Surface weather maps offer a wealth of information to the weather-savvy boater. However, the key to unlocking the vast treasure of information displayed on these maps is understanding the terminology and symbols used by forecasters to portray current and future weather patterns. In this first installment of a two-part series, I’ll introduce surface maps, some key terminology, meteorological time systems, and barometric pressure.

Types of Surface Maps
Surface weather maps come in two varieties — analyses and forecasts. These two types of maps are very similar in appearance but their purpose is quite different. Analyses show recent surface weather observations and features (Figure 1) and are published every three hours by NOAA’s Weather Prediction Center (WPC) ( The observations used to prepare these analyses such as temperature, dew point, barometric pressure, and wind speed/direction, are collected by thousands of automated weather stations across the country. These stations, which comprise the Automated Surface Observing System (ASOS), are usually located at airports.

Figure 1

While analyses display past weather data, surface forecast maps (Figure 2) predict weather patterns at a specified time in the future. The same observational data used to create surface analysis maps also serves as the initial input for the computer models which guide the staff of the NWS in the production of their forecasts. There’s no point in letting good data go to waste!

Figure 2

A Brief Moment About Time
In order to coordinate weather observation and forecasts, the world’s meteorological organizations, including the National Weather Service (NWS), publish their observation and forecasts using a timekeeping standard originally based on Greenwich Mean Time (GMT). This standard is known as Coordinated Universal Time (UTC) or Zulu (Z) and is a 24-hour system (not a time zone) based on the local time at Greenwich, England which is located on the prime meridian. For example, 1:00 am in Greenwich is 0100 UTC or 0100 Z, noon at Greenwich is 1200 UTC or 1200Z, and 5:00 pm at Greenwich is 1700 UTC or 1700 Z.

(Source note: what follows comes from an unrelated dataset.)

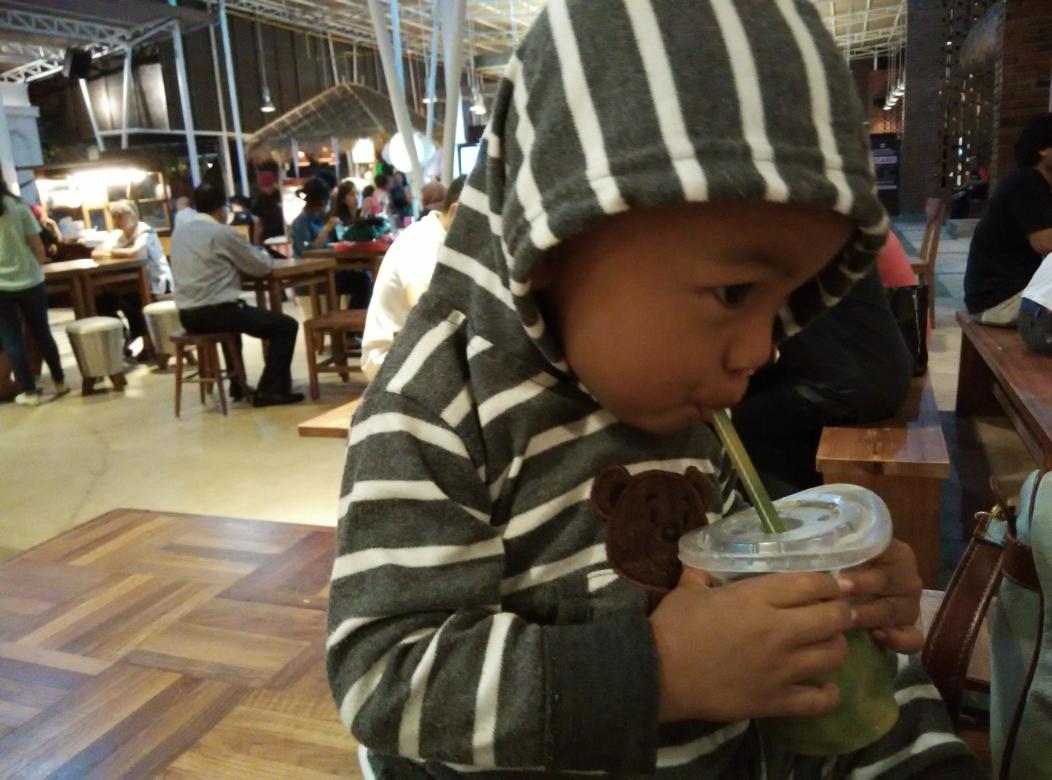 Aprie_Mpie's tweet photo. @EatRepublicID si abi suka bngt sma cendol maribetnya #eatrepublic http://t.co/GZeTQm1I3g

Although not exclusively, the NWS typically uses Zulu or “Z” on their text products and forecast graphics. To apply NWS forecast graphics to your area, you’ll need to convert from Zulu to your local time. The conversion is very easy once you know the time difference (time zone offset) between your location and Greenwich.  If your boating occurs in the Eastern Time zone, you must subtract four hours from Zulu to arrive at your local time, while boaters in the Central Time zone need to subtract five hours. For example, 1200Z is 8:00 am Eastern and 7:00 am Central time. During the winter months when Daylight Saving Time is not in effect, an additional hour must be subtracted to convert to local time (1200Z is 7:00 am Eastern and 6:00 am Central). Table 1 offers several conversions from Zulu to local time for the Eastern and Central time zones of the United States.

Table 1

Issued and Valid – What’s the Difference?
The analyses and forecasts produced by the NWS contain the date and time the map was Issued, or published. In addition to the Issued information, NWS maps contain the Valid date and time. For a surface analysis, Valid indicates the date and time the observations were collected by the NWS observational network. For example, the surface analysis in Figure 1 was issued at 1928Z on Sunday, February 19, 2017 and displayed a variety of surface observations gathered at 1800Z on the same day.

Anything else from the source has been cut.